A year after the shocks of 1979, another unexpected event hit, dragging the United States a bit further into the politics of the region. A new president in Iraq, Saddam Hussein, launched a preemptive attack on Iran in an attempt to seize its oil fields. Saddam may also have been provoked by the Iranian leader Ayatollah Khomeini, who appealed to the Shi'a majority in Iraq to rise up. At first, Washington maintained neutrality. The United States did not have good relations with Iraq, which had been close to the Soviet Union. Our relations with Iran, however, were terrible and getting worse.

The new Iranian government seized the U.S. embassy staff and held them for over a year. Iran then contributed to the turmoil in Lebanon, a nation that the United States had always considered a friendly and stable, pro-Western anchor at the eastern end of the Mediterranean. When the turmoil worsened in 1982, Ronald Reagan was in his second year as President.
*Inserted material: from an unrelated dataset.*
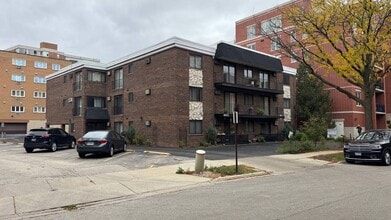 Building Photo - 1650 Mill St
Seeing the events in Lebanon as linked to the anti-American regime in Iran and threatening to Israel, which Reagan had begun calling an ally, he ordered Marines into Beirut. By so doing, Reagan began what would become a misadventure that gave terrorists the impression they could attack the United States with relative impunity.

Reagan explained to a prime-time audience that we went into Lebanon in part “because of the oil.” Lebanon had no oil. The Iranian-supported Hezbollah faction in Lebanon responded to the new American military presence by staging devastating car bomb attacks on the U.S. Marines barracks and twice on our embassy. In the attack on the Marine barracks alone, 278 Americans died.
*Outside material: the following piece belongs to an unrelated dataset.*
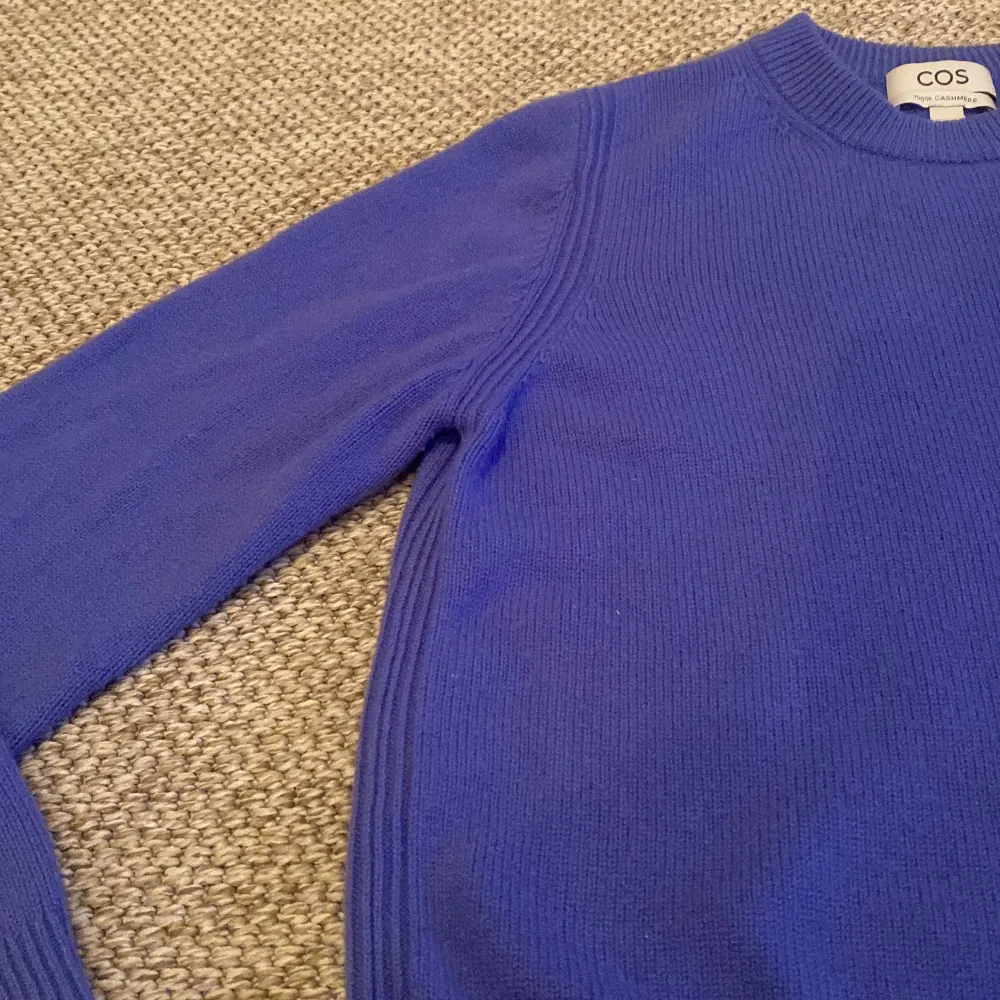 Säljer min blå/lila COS tröja för att den inte kommer till användning längre 100% cashmire skriv privat för fler bilder💗. Tröjor & Koftor.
There would be no similar loss of American lives in terrorism until the Libyan attack on Pan Am 103 six years later during the first Bush's presidency. Those two acts stood as the most lethal acts of foreign terrorism against Americans until September 11. Nothing occurring during Clinton's tenure approached either attack in terms of the numbers of Americans killed by foreign terrorism. Neither Ronald Reagan nor George H. W. Bush retaliated for these devastating attacks on Americans.

After the Marine barracks was leveled in Beirut, Americans were faced for the first time with what Middle East terrorism could really do, and how a confused multifactional civil war could drag us in. At the State Department, our newly created Middle East politico-military team was pressed into supporting our besieged Beirut embassy. Although Reagan had decided not to attack Syria or Iran (both of which were implicated in the attacks on the Marines and the embassy), he was determined to keep a U.S. diplomatic presence. From the radio room in the Operations Center, we would check on the status of the American diplomats who had relocated to the Ambassador's Residence in the Beirut neighborhood of Yazde.

“Yazde, Yazde, this is State, over. What is your status?”

“State, State, Yazde here. We are taking artillery fire from a ridge across the way,” came the voice crackling across thousands of miles. “We could sure use some support from New Jersey.” That was not a request for letters from back home, but rather a call for suppressing fire from the U.S. battleship riding off the coast. The Reagan administration had decided to deter further attacks by showing U.S. military muscle. Minutes later, the long guns of a World War II throwback turned east and fired their famous “shells as big as Volkswagens.”

“Yazde, Yazde, are you still taking fire from that ridgeline, over.”

“State, Yazde: there is no ridgeline there anymore.”

Despite our military superiority, however, we were unable to counter the religious fervor of the Iranian-Syrian–supported faction. Lebanon seemed to be going down into a long, bloody death spiral of factional conflict that the United States was ill prepared to affect. After a series of bombings and shellings, Reagan ordered U.S. forces out of Lebanon. Throughout the Middle East, it was noted how easily the superpower could be driven off, how the U.S. was still “shell-shocked” from its defeat in Vietnam. Years later Usama bin Laden would refer to the success of terrorism in driving the United States out of Beirut, a city whose pleasures he had enjoyed before becoming a devout Muslim.